What to work on:
A word-for-word copy of the lines below, starting at the line with "Mercure Ambassador Ulszan Kültér fotó" and ending at the last one, is what you should give. Omit every picture.

Data shown:
────────

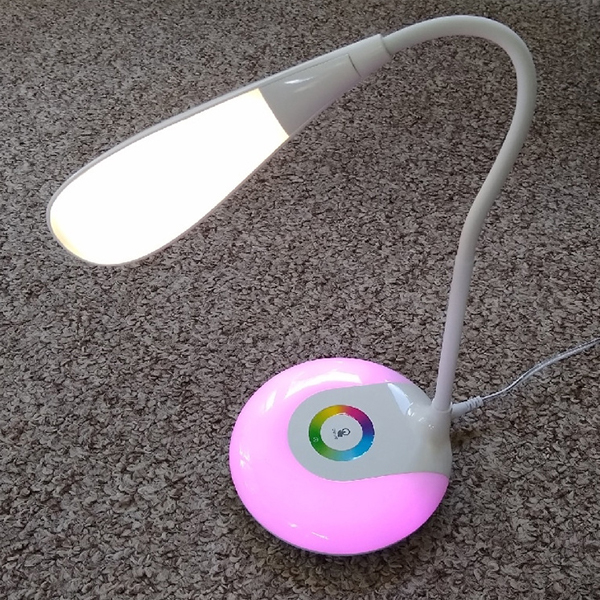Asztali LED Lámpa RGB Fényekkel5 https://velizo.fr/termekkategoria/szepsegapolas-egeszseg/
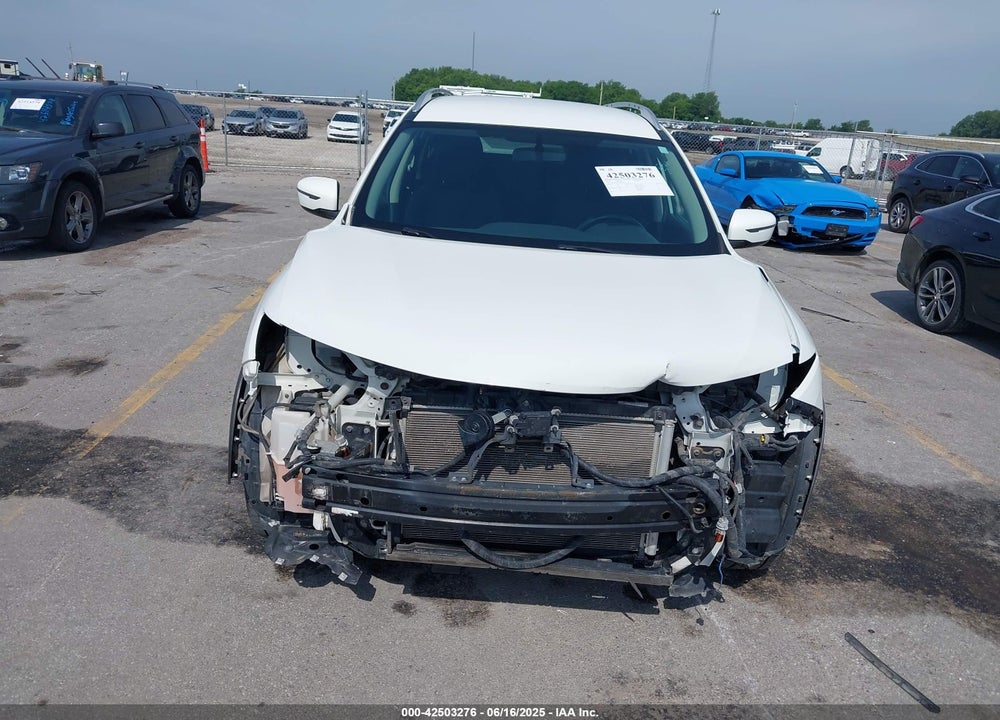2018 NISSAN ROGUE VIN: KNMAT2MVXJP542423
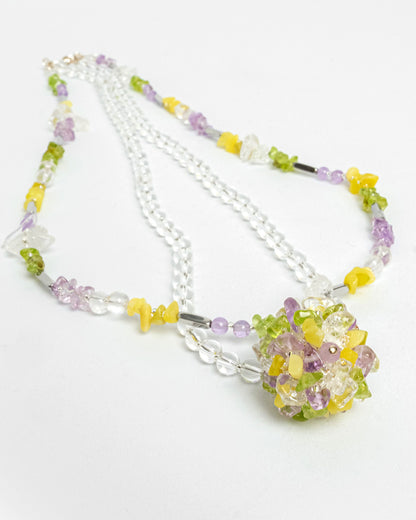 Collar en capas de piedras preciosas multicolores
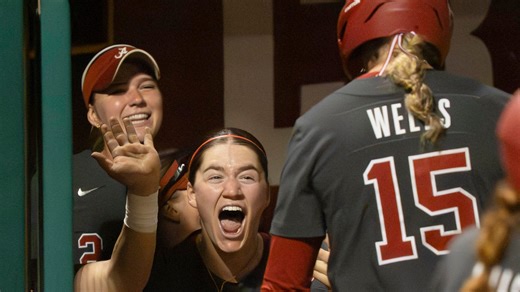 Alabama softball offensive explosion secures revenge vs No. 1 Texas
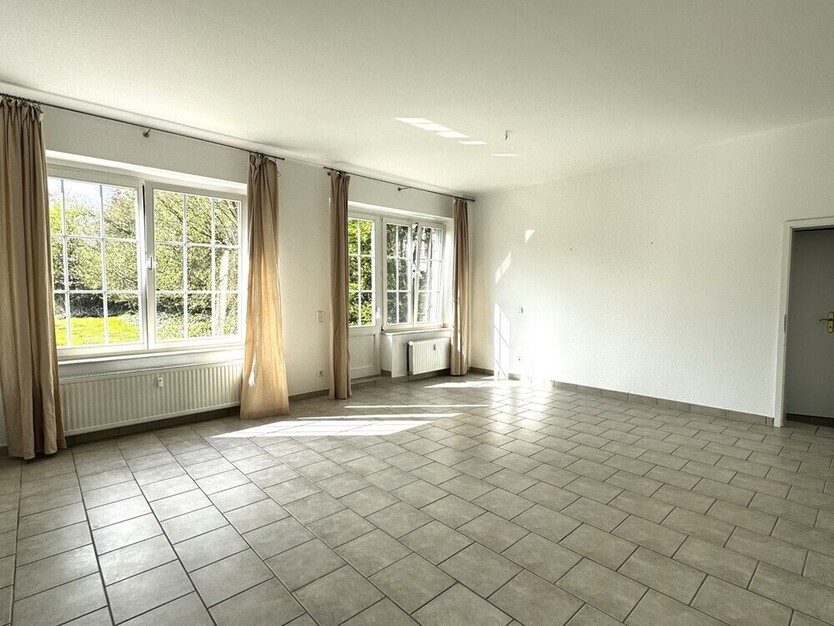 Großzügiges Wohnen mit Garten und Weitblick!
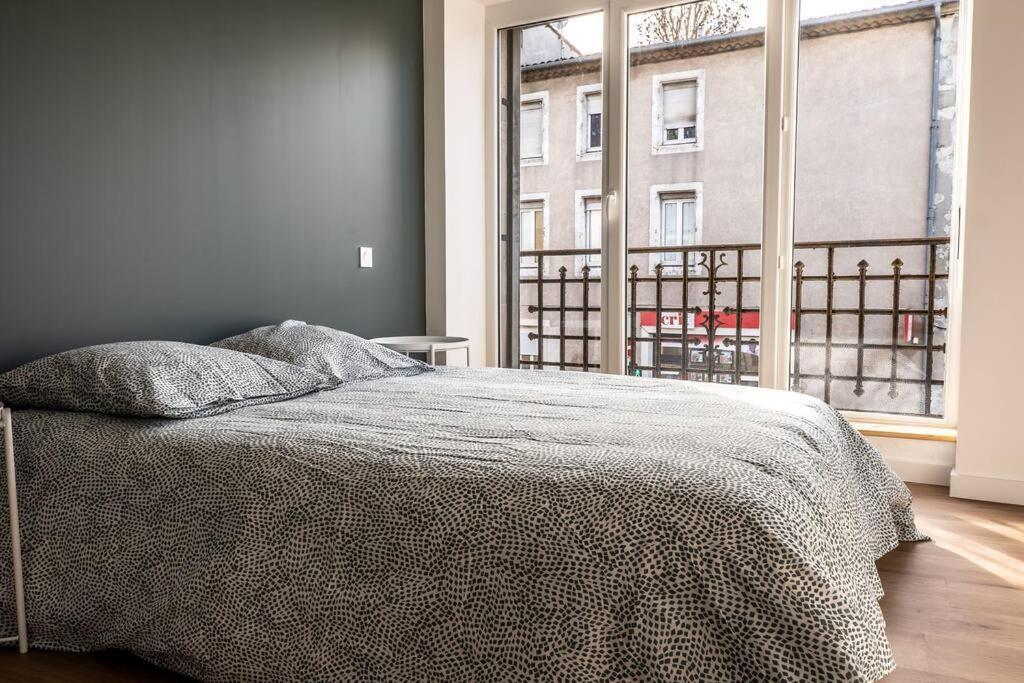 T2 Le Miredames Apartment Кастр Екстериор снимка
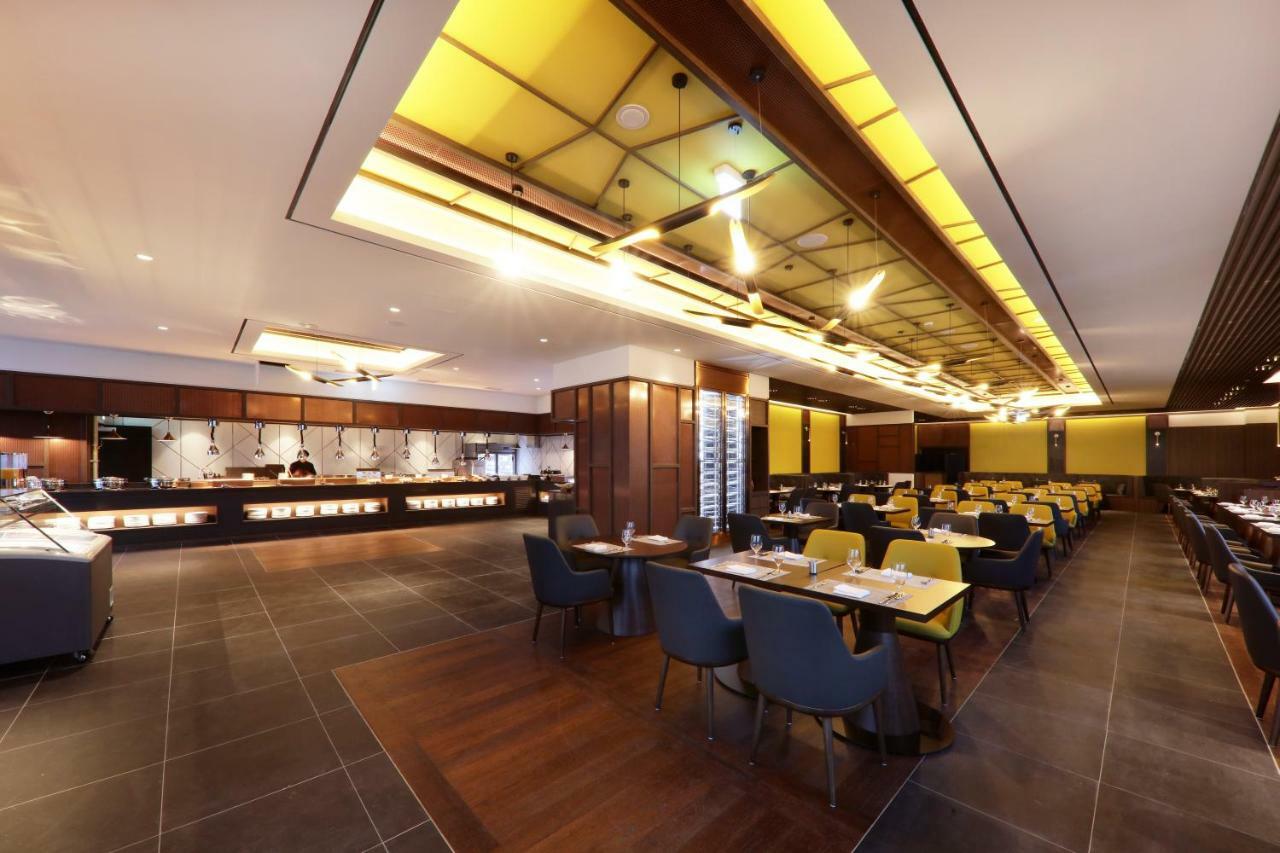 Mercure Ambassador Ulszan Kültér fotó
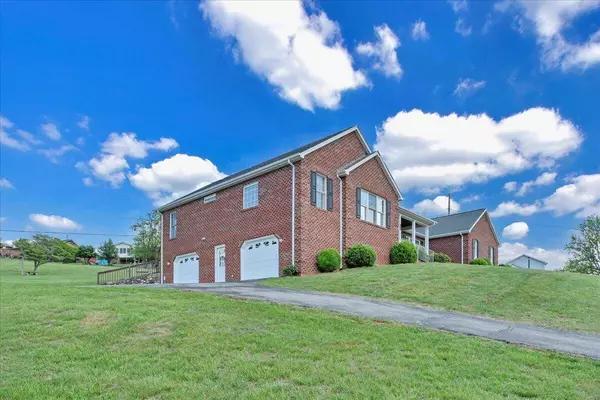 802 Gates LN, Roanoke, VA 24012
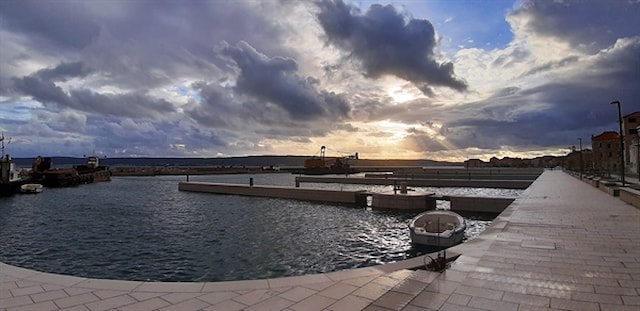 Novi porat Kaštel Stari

────────

Exercise result:
 Mercure Ambassador Ulszan Kültér fotó
 802 Gates LN, Roanoke, VA 24012
 Novi porat Kaštel Stari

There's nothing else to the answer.